--- START ---

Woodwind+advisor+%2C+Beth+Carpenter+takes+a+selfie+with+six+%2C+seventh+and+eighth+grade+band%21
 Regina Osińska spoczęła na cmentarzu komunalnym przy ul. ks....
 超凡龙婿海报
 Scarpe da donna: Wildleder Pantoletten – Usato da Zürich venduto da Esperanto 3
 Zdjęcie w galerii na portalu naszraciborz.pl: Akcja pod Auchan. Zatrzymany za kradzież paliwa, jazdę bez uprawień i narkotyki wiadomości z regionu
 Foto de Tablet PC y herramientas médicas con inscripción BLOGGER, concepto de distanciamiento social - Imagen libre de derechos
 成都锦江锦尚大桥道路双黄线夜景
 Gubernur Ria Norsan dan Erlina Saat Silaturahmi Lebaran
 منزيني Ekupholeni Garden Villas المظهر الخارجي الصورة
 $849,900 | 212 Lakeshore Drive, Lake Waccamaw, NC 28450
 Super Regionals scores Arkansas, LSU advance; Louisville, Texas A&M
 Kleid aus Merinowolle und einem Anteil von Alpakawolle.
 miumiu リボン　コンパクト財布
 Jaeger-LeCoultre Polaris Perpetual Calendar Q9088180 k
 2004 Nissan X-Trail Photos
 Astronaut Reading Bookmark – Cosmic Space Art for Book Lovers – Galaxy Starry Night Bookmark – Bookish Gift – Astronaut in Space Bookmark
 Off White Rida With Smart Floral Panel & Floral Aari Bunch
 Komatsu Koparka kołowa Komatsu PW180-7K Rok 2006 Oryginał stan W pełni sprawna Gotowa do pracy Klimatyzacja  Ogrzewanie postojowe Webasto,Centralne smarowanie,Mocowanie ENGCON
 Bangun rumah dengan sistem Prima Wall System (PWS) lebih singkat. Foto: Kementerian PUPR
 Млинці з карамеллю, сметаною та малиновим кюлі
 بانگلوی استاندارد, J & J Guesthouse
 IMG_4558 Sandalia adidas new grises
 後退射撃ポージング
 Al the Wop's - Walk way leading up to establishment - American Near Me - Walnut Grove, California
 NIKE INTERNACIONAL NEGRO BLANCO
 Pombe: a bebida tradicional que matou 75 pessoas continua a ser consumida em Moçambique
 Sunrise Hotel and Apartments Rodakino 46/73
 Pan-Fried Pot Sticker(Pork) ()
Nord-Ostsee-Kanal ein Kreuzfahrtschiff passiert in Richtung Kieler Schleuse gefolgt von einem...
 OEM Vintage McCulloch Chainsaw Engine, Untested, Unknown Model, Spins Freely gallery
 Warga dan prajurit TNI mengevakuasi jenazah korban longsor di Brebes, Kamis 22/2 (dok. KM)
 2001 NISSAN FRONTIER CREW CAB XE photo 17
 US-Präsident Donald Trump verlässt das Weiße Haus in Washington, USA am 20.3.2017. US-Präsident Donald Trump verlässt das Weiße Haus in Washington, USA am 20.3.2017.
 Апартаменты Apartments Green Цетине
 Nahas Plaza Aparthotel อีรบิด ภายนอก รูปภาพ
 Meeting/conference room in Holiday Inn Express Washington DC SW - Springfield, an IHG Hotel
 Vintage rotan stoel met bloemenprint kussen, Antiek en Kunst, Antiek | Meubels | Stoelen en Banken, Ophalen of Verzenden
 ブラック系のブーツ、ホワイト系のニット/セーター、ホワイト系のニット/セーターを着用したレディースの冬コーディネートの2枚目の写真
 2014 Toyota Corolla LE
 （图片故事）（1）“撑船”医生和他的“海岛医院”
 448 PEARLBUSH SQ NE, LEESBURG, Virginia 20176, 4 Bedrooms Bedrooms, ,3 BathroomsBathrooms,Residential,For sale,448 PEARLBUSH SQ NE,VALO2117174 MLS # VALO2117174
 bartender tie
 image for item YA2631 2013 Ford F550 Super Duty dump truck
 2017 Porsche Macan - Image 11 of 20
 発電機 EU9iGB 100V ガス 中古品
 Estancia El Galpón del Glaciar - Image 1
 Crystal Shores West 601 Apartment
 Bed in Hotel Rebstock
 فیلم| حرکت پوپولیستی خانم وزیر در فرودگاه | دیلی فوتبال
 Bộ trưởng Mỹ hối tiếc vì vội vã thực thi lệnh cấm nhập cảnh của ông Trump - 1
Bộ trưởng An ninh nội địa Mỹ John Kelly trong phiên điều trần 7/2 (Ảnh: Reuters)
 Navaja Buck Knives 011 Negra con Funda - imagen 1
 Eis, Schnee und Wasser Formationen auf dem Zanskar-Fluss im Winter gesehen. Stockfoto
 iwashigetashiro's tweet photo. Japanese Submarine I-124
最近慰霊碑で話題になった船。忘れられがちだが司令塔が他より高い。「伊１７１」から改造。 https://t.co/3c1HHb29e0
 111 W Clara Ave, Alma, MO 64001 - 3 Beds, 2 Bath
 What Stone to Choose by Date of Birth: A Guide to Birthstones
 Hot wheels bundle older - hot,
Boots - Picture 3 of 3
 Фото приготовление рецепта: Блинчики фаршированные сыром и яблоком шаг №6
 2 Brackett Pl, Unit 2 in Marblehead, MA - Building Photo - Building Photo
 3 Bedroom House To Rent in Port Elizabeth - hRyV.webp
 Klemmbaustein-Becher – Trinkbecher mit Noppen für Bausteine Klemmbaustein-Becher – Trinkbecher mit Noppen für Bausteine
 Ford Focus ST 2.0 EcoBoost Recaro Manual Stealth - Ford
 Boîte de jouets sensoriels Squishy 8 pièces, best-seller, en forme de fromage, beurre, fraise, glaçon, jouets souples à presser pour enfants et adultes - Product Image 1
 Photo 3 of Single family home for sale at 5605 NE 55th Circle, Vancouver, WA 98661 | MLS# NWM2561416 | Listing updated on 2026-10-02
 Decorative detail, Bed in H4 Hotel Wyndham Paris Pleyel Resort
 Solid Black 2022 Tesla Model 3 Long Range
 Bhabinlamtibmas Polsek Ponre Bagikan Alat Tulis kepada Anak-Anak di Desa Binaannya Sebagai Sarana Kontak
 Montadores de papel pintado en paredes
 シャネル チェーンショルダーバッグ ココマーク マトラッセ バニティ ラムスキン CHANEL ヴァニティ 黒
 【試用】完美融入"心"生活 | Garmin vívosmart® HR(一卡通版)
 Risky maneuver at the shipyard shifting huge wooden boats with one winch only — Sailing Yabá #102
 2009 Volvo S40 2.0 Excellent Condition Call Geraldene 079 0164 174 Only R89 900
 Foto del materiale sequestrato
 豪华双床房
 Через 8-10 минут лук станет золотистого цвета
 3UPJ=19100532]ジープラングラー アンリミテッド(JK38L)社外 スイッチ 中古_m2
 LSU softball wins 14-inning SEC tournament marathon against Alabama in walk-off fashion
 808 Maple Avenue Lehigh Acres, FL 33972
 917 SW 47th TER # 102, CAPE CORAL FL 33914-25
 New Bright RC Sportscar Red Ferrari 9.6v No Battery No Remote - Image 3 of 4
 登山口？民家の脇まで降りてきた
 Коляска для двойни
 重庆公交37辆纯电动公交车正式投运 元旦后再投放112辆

--- END ---

AIM OF THE TASK: Each line from the one with "Bhabinlamtibmas Polsek Ponre" to the end of the material should be duplicated exactly, and no other line.

RESPONSE TO THE TASK:
 Bhabinlamtibmas Polsek Ponre Bagikan Alat Tulis kepada Anak-Anak di Desa Binaannya Sebagai Sarana Kontak
 Montadores de papel pintado en paredes
 シャネル チェーンショルダーバッグ ココマーク マトラッセ バニティ ラムスキン CHANEL ヴァニティ 黒
 【試用】完美融入"心"生活 | Garmin vívosmart® HR(一卡通版)
 Risky maneuver at the shipyard shifting huge wooden boats with one winch only — Sailing Yabá #102
 2009 Volvo S40 2.0 Excellent Condition Call Geraldene 079 0164 174 Only R89 900
 Foto del materiale sequestrato
 豪华双床房
 Через 8-10 минут лук станет золотистого цвета
 3UPJ=19100532]ジープラングラー アンリミテッド(JK38L)社外 スイッチ 中古_m2
 LSU softball wins 14-inning SEC tournament marathon against Alabama in walk-off fashion
 808 Maple Avenue Lehigh Acres, FL 33972
 917 SW 47th TER # 102, CAPE CORAL FL 33914-25
 New Bright RC Sportscar Red Ferrari 9.6v No Battery No Remote - Image 3 of 4
 登山口？民家の脇まで降りてきた
 Коляска для двойни
 重庆公交37辆纯电动公交车正式投运 元旦后再投放112辆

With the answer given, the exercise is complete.